Peter Flynn peter at silmaril.ie
Wed Jul 20 18:09:17 UTC 2022


On 20/07/2022 18:05, Little Girl wrote:
> Hey there,
> 
> Peter Flynn wrote:
> 
>> I could file a bug report, but no-one else seems ever to have
>> noticed or mentioned it, so I'm not sure it's that important.
> 
> If you're willing to, please do. 

If I can work out how to do so from a non-Ubuntu system, I will.

> Most of us tend to not bother to file bug reports because it's often
> a hassle to do so, so you're currently a gem in a big pile of rocks.
It's a hassle because it's a complex business: there are a lot of 
different angles, and you have to deter the casual user who can't go 
beyond "it doesn't work". Unfortunately, in the process, it sometimes 
asks for information which cannot logically exist. Try actually 
/reading/ the page at https://help.ubuntu.com/community/ReportingBugs

> It's also possible that a bug report does already exist, but with
> different wording than yours, so you haven't found it. 

Very likely, and that's where the skill of the triage leaders comes in. 
Unfortunately they tend to use a different vocabulary from the users, 
because they are by definition experts in the field and the user isn't. 
  Finding out what the user means can often be difficult.

> I'll bet that's what's behind many of the ".... bug is related to..."
> flags that end up on so many bug reports.

Sometimes. But sometimes it's due to a misunderstanding. My antique 
enhancement request for Thunderbird is coming up for 20 years old, and 
spent half that time discussing the wrong thing because someone misread 
what the term "bounce" was being applied to, and thought the request was 
for something quite different.

> I thought I'd also add that any Ubuntu release (including all of its
> derivatives) doesn't get nearly enough beta testers

I had hoped retirement would free up some time to help with this, but 
all that talk about "spare time" is just a load of hot air. Plus my 
hardware is probably too old to be of any use in testing.

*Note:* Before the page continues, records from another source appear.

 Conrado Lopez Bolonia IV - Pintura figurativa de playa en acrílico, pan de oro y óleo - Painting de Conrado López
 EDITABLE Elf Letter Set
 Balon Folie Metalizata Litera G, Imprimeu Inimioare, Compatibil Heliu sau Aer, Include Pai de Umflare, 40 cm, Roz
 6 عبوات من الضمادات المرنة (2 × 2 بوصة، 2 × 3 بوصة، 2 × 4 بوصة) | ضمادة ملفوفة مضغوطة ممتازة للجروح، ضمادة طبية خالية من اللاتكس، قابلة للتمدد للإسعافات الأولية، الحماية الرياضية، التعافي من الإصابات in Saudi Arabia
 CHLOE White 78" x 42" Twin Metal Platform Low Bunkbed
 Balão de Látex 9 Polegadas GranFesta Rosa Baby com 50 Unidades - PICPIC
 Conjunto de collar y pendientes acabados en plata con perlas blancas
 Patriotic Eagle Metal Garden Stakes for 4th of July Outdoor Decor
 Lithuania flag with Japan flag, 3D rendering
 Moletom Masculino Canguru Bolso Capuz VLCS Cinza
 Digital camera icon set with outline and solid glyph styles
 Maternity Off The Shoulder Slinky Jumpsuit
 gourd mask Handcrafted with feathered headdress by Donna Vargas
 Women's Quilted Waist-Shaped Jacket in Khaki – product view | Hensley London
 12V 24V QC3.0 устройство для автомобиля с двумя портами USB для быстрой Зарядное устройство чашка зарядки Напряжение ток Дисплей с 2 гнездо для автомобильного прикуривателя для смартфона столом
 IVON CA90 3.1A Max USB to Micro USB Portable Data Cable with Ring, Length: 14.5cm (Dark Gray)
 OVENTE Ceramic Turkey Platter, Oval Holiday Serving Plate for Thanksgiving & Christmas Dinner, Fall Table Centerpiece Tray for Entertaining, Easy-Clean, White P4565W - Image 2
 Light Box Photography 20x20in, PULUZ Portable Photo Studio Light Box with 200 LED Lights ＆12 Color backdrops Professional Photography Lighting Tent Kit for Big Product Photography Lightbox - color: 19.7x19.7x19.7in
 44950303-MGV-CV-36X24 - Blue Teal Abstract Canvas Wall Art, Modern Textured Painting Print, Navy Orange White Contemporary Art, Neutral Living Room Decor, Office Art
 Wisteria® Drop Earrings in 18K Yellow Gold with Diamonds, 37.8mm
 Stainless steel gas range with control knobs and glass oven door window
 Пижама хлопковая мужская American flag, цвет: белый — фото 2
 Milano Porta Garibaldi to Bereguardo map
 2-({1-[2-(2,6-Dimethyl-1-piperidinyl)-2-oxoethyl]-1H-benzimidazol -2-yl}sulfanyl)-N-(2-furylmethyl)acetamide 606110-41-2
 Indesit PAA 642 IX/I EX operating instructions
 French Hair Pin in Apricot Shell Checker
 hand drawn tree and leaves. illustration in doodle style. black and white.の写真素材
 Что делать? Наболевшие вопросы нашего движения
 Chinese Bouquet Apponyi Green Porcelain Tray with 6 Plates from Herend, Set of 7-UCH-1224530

> As a result, it's always a good idea to consider any non-beta release
> to be beta-like in its behavior for quite some time (and I'm talking
> months here and possibly longer) while the developers find out and
> work on what they would have liked to have known about sooner.

Which is why I'm still running Mint 20.1, despite Liam's comment that I 
"ought to be" on 20.3 :-) These are production systems, not testbeds.

> I'm currently sitting on two rather glorious bugs in Kubuntu 22.04
> LTS, but the developers probably had no way of knowing that many of
> us would experience those until we did.

My favourite was the installer bug in the question on user location — 
you know the one with the map of the world and the highlight where it 
thinks you are — suddenly it showed Dublin as being in CET zone, when 
it's actually with the UK and Portugal on GMT. I started to file a bug 
but realised others had already done so, and I was told that the prime 
developer was actually based in Dublin so it would be fixed "very fast". 
Right. The bug was still there over a year later (now fixed). Not the 
dev's fault, either; someone had messed with the timezone data and I 
don't think the culprit was ever identified.